In a heated Holyrood debate, Nationalist MSPs refused to back a Tory motion that simply restated the SNP’s own promise to voters in 2016.

Instead, the Government side deleted the vow and substituted a complaint about Westminster austerity reducing the Scottish budget.

At one point, Derek Mackay refused to give a yes or no answer when Tory MSP Murdo Fraser asked him if he still backed the platform he was elected on.

The Finance Secretary said Mr Fraser was “like an impatient child” and would have to wait another day to find out the detail of the tax plans.

At last year’s Holyrood election, the SNP promised to “freeze the basic rate of Income tax throughout the current parliamentary session to protect those on low and middle incomes” for the duration of the parliament.
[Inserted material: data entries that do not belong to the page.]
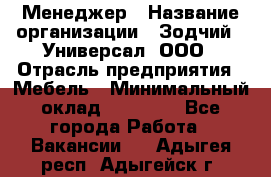 Менеджер › Название организации ­ Зодчий - Универсал, ООО › Отрасль предприятия ­ Мебель › Минимальный оклад ­ 15 000 - Все города Работа » Вакансии   . Адыгея респ.,Адыгейск г.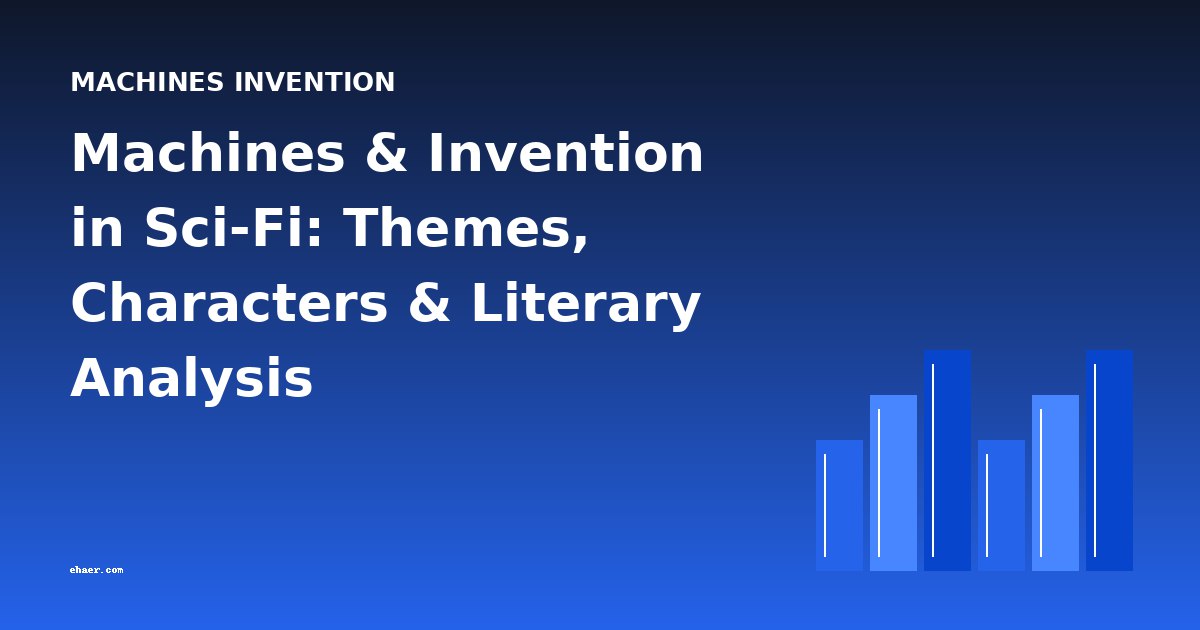 Machines & Invention in Sci-Fi: Themes, Characters & Literary Analysis
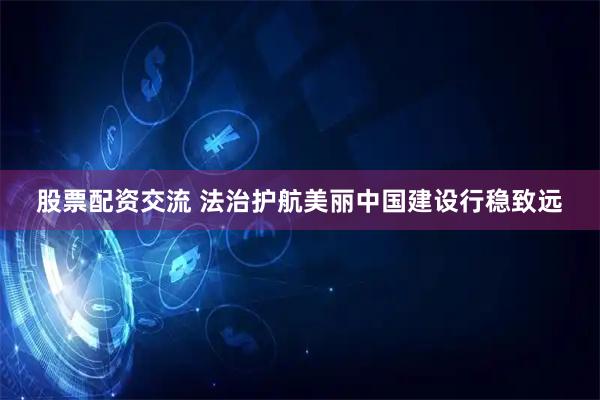 股票配资交流 法治护航美丽中国建设行稳致远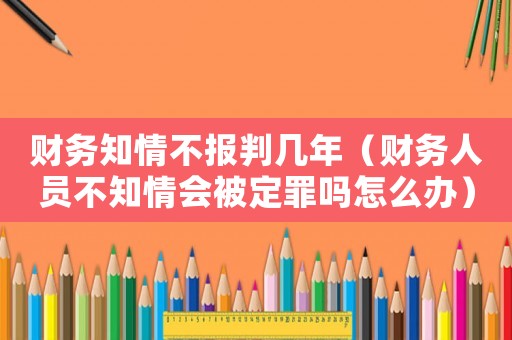 財務知情不報判幾年（財務人員不知情會被定罪嗎怎么辦）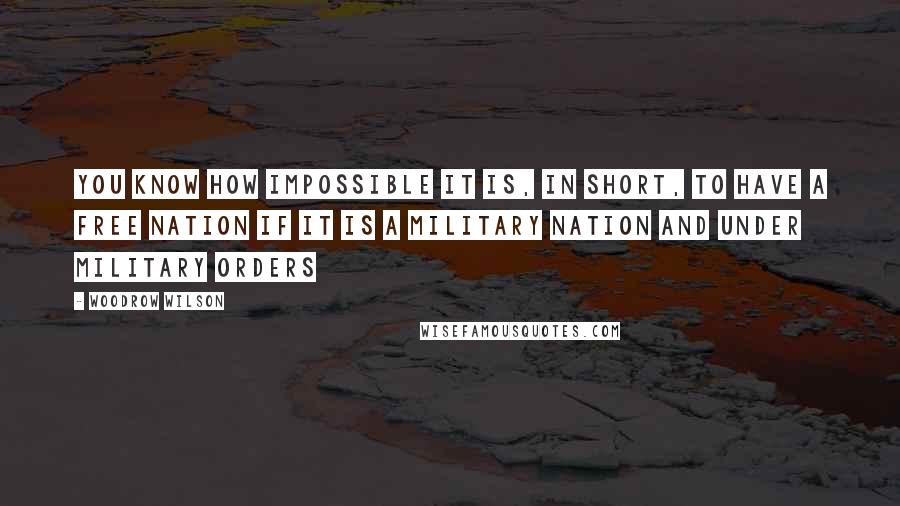 Woodrow Wilson Quotes: You know how impossible it is, in short, to have a free nation if it is a military nation and under military orders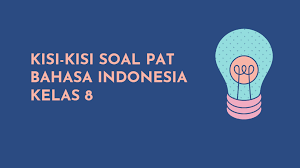 6 nov 2019 kisi kisi soal penilaian akhir semester 1 bahasa indonesia kelas xii sma ma mata pelajaran bahasa indonesia. Kisi Kisi Soal Pat Bahasa Indonesia Smp Kelas 8 Kurikulum 2013 Tahun Pelajaran 2020 2021 Didno76 Com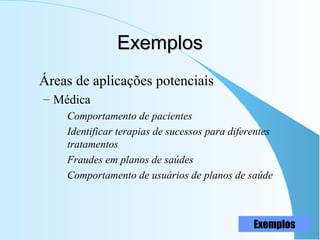 ExemplosExemplos
Áreas de aplicações potenciais
– Médica
Comportamento de pacientes
Identificar terapias de sucessos para diferentes
tratamentos
Fraudes em planos de saúdes
Comportamento de usuários de planos de saúde
Exemplos
 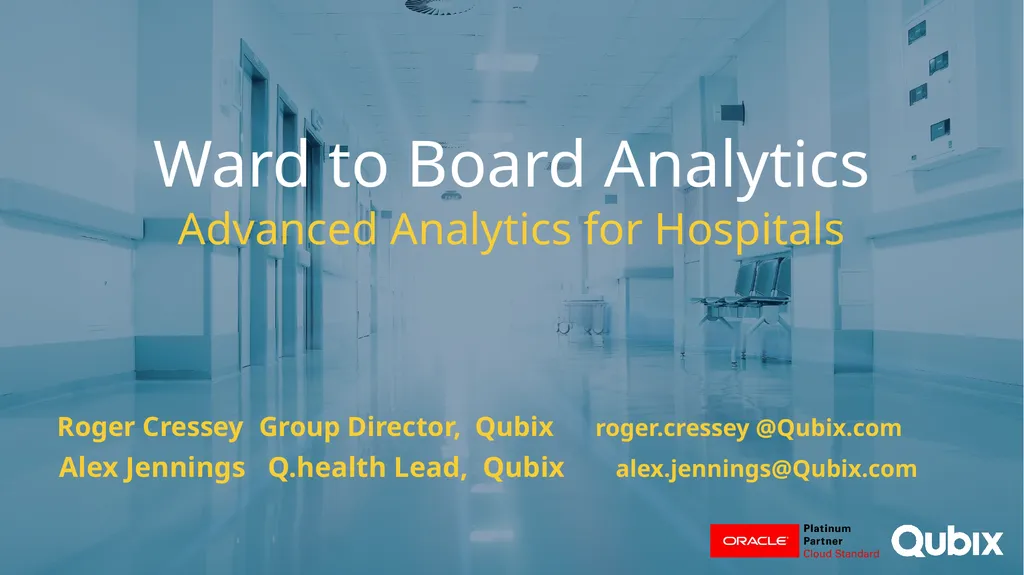 Ward to Board Analytics Advanced Analytics for - slide 1 of 15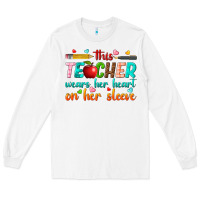White this teacher wears her heart on her sleeve Long Sleeve Tee - texasbilliewilder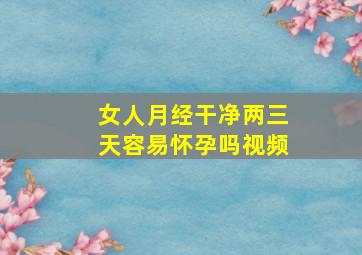 女人月经干净两三天容易怀孕吗视频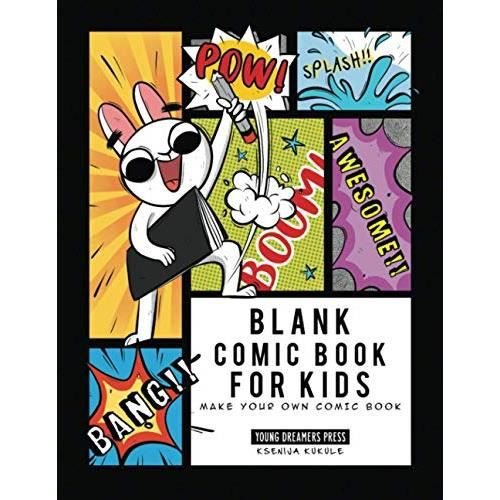 Cover for Young Dreamers Press · Blank Comic Book for Kids: Make Your Own Comic Book, Draw Your Own Comics, Sketchbook for Kids and Adults (Paperback Book) (2020)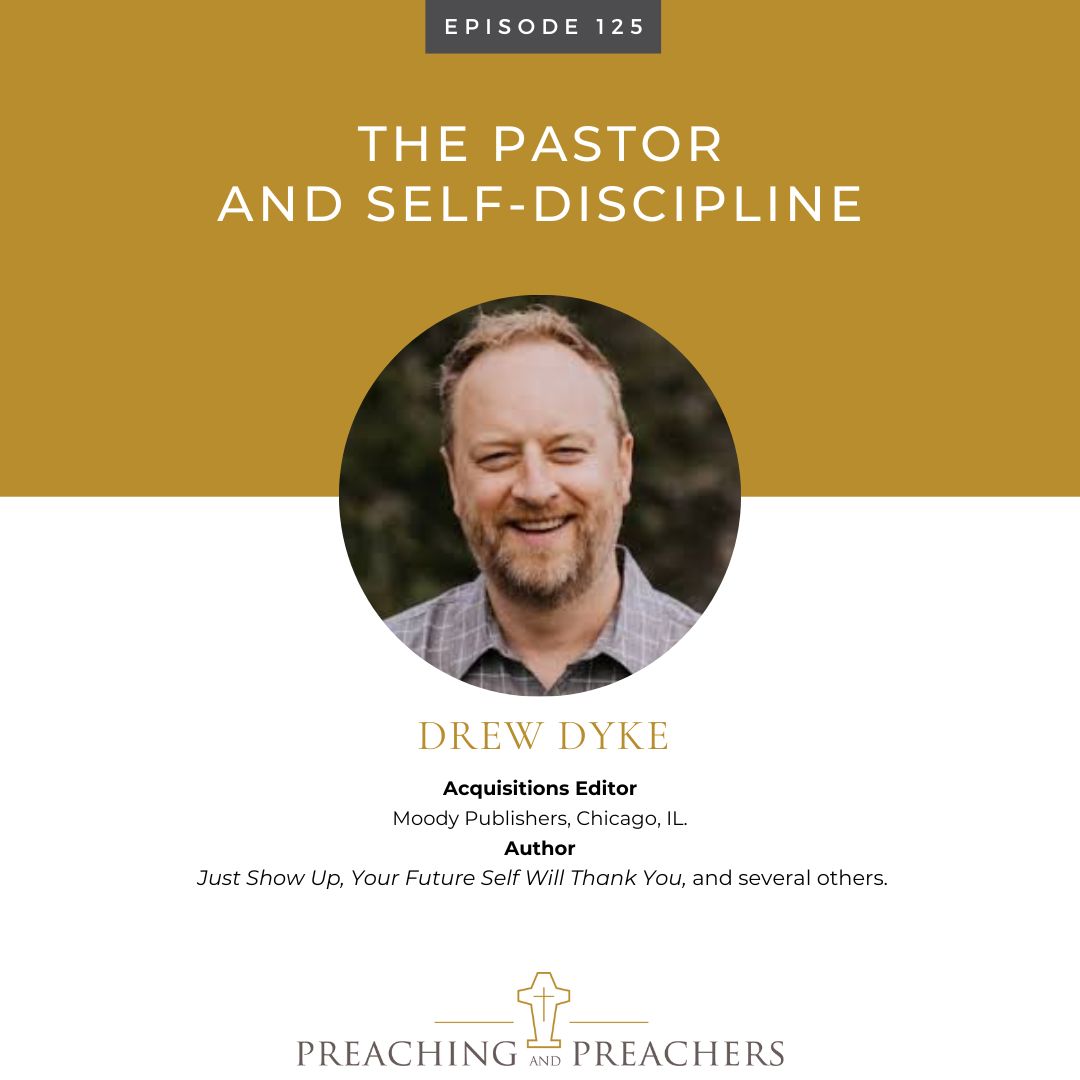 Preaching and Preachers, Episode 125: The Pastor and Self-Discipline | This week, Drew Dyck joins me and others on Preaching and Preachers at jasonkallen.com.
Mr Mackay’s draft budget for 2018/19 is expected to widen the tax gap between Scotland and the rest of the UK by increasing the tax bill for the better off and high earners.

It is understood a fourth income tax band may be created between the current 20p basic and 40p higher rates, and an extra penny added to the current top rate of 45p.

However the extra revenue will not be enough to offset a cut to the Westminster block grant or additional pressures caused by inflation and increased demand.

Councils are predicted to suffer some of the worst cuts, with a standstill cash budget failing to cover estimated additional cost pressures of around £500m next year.

The ring-fencing of some council funds for SNP priorities such as expanded free childcare is also expected to worsen the severity of cuts in other areas, such as schools and libraries.

Mr Fraser said the government should concentrate on economic growth, not “increasing the the tax burden on hard-working families”

Mr Mackay said the UK government was “the biggest threat to the economy in Scotland”.

He said: “We want to protect and promote our public services. We also want to protect lower income earners.. use the tax system in a progressive fashion, and we also want to protect the economy.”

After the vote, Mr Fraser said: “What we have seen here is the SNP voting in parliament against its very own manifesto pledge. They have disowned that pledge, and signalled their intention to punish hard workers. They’ve misled voters, and owe them a huge apology not just for hiking their taxes, but deceiving them too.”

Mr Mackay last night said the budget’s priorities would be “stopping UK cuts, protecting public services and unlocking Scotland’s economic potential”.

He said: “This will be a budget that is good for taxpayers, good for public services and good for business. It is a budget that will deliver for Scotland.”

Scottish Labour leader Richard Leonard said ministers must use their full tax powers to eradicate poverty and inequality.

Tinkering with tax bands would not be enough to protect public services, he said.

He said: “The Scottish Parliament has the power to radically change Scotland for the better.

“We need a budget that stops Tory austerity in it tracks, not one that pretends to be progressive but instead delivers regressive cuts to services and communities.”

Patrick Harvie, co-convener of the Scottish Greens, who helped the SNP pass last year’s budget, repeated his party’s demand for fairer taxes and more money for public services.

He said: “On boosting public sector pay… I am hopeful that we have made the case for a real-terms rise for hard-pressed nurses, teachers and others who deliver vital services.”

The Scottish Retail Consortium called for any business rate rises to be capped at the CPI measure of inflation, as in England and Wales, not the higher RPI measure.

Director David Lonsdale said: “What is crucial is that Scottish Ministers follow the example set by their counterparts in Wales and England, otherwise firms here in Scotland will be paying a headline business rate higher than competitors and counterparts down south from April as well as a higher large firms rates supplement.”